Past Conference: 2c3a Resource exhaustion and Climate change, predicting impacts

Summary of discussion and future research topics

Exhaustion is broader than merely material resource depletion: e.g. the function of ecosystems as carbon sink is getting exhausted. We use the word “sustainability” too loosely for small, incremental, improvements. That is not a good use of the “icon” of sustainability because it is not addressing hard limits and often not considering the medium and long term. In many countries, we are not in fact decoupling resource use and economic growth, because we are substituting local production with imports. We need to consider “phantom” resource consumption (from imported goods) in our “decoupling” exercises. We still have a lot of scope to use more efficiently many of our resources.

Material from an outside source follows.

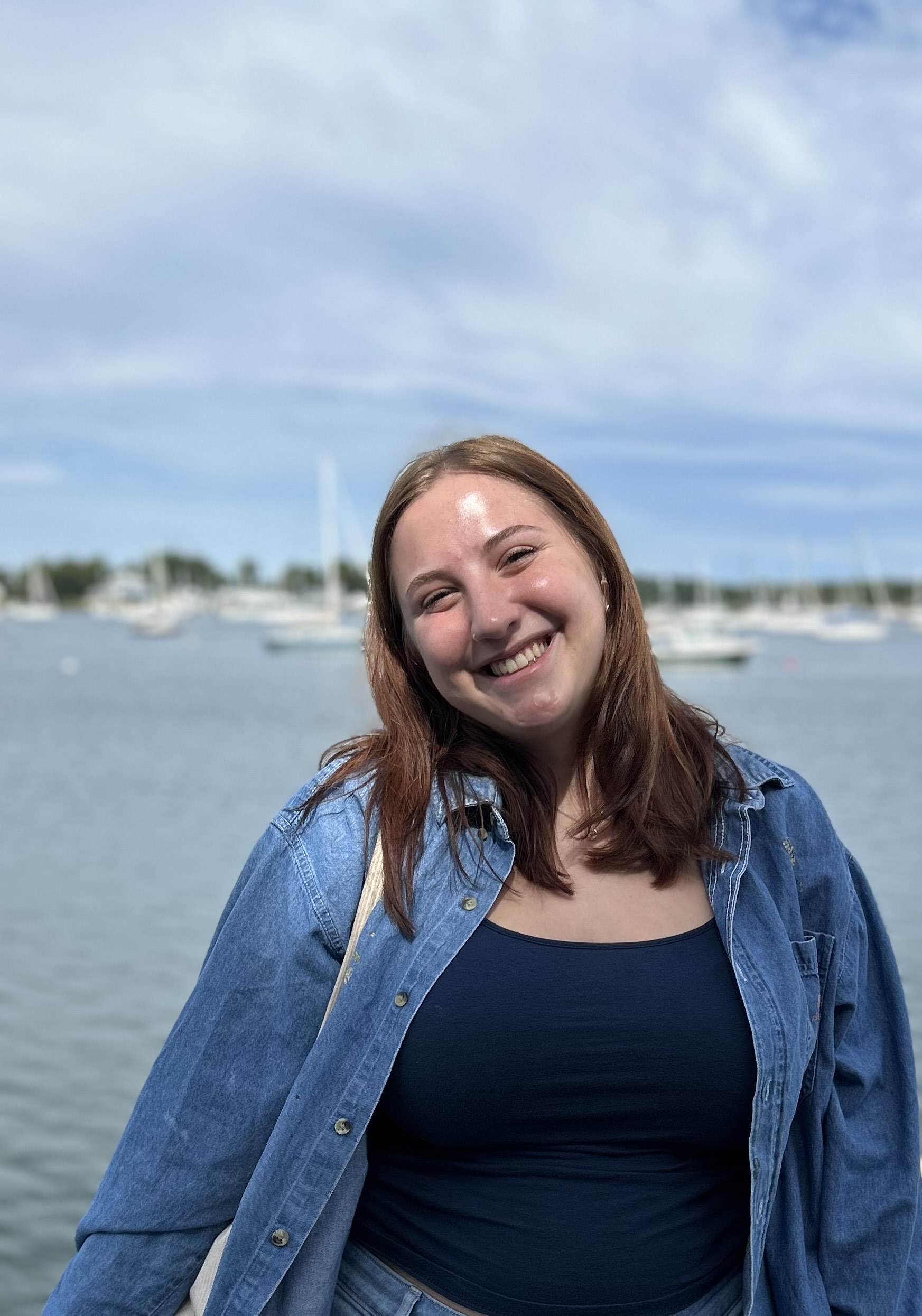 julia stacks by the water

One example is biomass related to the food cycle, e.g. by recycling waste biomass. Ultimately all natural resource consumption is the result of demand by consumers. Industry and business have of course their own agendas, and they actively promote consumption, but in fact ALL goods production, with its value chain, is predicated on demand by consumers. Even with technological advances, there will be no effective decoupling if people are not willing to want less, particularly in the richer countries. There has been insufficient research into this issue. Using the words of Pope Francis (Encyclic “Laudato Sí - on care for our common home), our biggest enemies are greed, wastefulness and selfishness.